SUPPLIED DATA =
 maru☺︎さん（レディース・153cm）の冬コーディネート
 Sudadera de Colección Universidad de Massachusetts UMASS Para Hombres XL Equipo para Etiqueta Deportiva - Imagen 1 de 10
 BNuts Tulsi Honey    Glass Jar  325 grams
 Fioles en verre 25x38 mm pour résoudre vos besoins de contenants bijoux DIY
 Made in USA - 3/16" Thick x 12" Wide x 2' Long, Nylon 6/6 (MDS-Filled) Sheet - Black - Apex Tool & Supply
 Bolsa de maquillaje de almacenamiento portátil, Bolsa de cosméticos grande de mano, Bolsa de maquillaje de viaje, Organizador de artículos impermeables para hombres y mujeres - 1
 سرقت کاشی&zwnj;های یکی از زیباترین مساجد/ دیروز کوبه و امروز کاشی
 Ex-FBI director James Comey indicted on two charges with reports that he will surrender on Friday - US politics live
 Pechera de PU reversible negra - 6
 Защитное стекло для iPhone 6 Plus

YOUR TASK =
Find every line in the records that has the word "para". Copy those lines.

RESULT FOR THIS TASK =
 Sudadera de Colección Universidad de Massachusetts UMASS Para Hombres XL Equipo para Etiqueta Deportiva - Imagen 1 de 10
 Bolsa de maquillaje de almacenamiento portátil, Bolsa de cosméticos grande de mano, Bolsa de maquillaje de viaje, Organizador de artículos impermeables para hombres y mujeres - 1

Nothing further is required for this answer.